I’ve been attempting to write to people again lately. As in, proper letters on paper and in envelopes and stuck through holes in walls and doors. It doesn’t work though. Ten years ago I wrote to people, and it was reasonably easy although one had to ignore the anachronistic self-consciousness. Now, it feels like writing a telegram, for all the relevance it has to modern life. And doing so on some sort of rare letterpress’d form at that — the mechanics have become harder, the whole thing far less familiar. Where even is there a post box around here? Do stamps still come in booklets? What’s it even cost to send a letter? Only people having weddings send things in the post these days.

I once wrote a little system for writing email-letters.
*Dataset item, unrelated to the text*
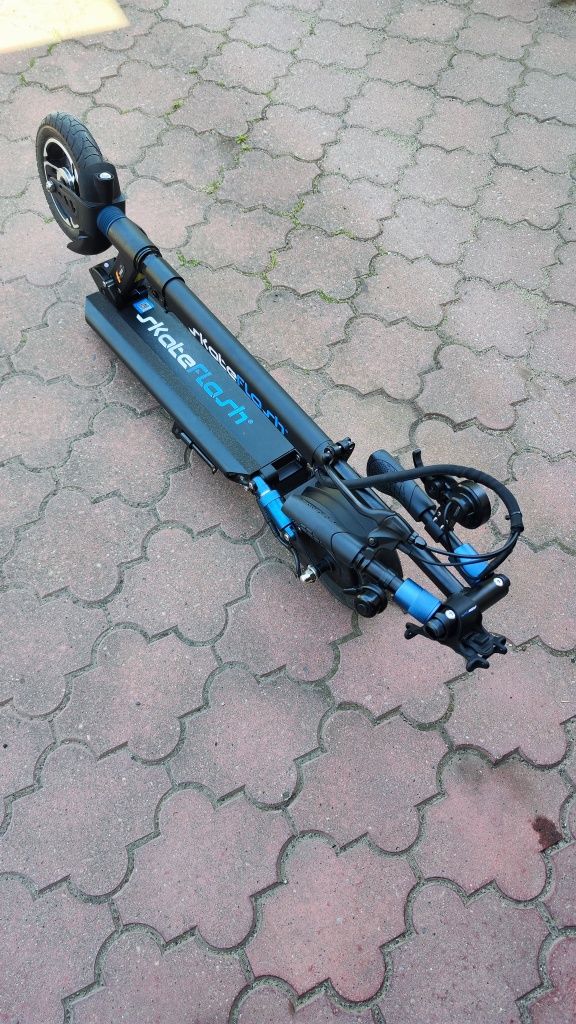 Hulajnoga elektryczna SkateFlash echo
It was a bit like Gmail’s system of having the reply-box at the bottom of the to-and-fro conversation, except it went to further extremes of actually deleting the quoted reply text from emails, and of actually tracking correspondents as entities in their own right and not just by email address. It also prohibited writing to more than one person at once.

It feels like there’s a place for a letter-writing system that really is just email but also isn’t one’s normal email client (be that Fastmail, Gmail, Thunderbird, or whatever). Writing to a friend should be a different act to tapping off a note to a colleague or haggling with a civil servant. The user interface should reflect that. It should be simpler, calmer, and prioritise longer paragraphs and better grammar. (I’ve read similar sentiments relating to the design of the Discourse forum software; the developers of that want the software to shunt people towards better discussions, and I’m pretty sure Google don’t have anything like that idea with the Gmail interface. No one wants to write a letter on a blotter edged with full-colour advertisements for Fletcher’s Fantastic Fumigator, and Google want you to use the exact same interface for work and for social interaction. Doesn’t seem like a good idea to me.)

I’d still be using my email archiver, but it dates from an age before two-factor authentication, and improvements in the security of email providers broke it and I’ve not yet gotten around to fixing it. Perhaps it’s time to do so.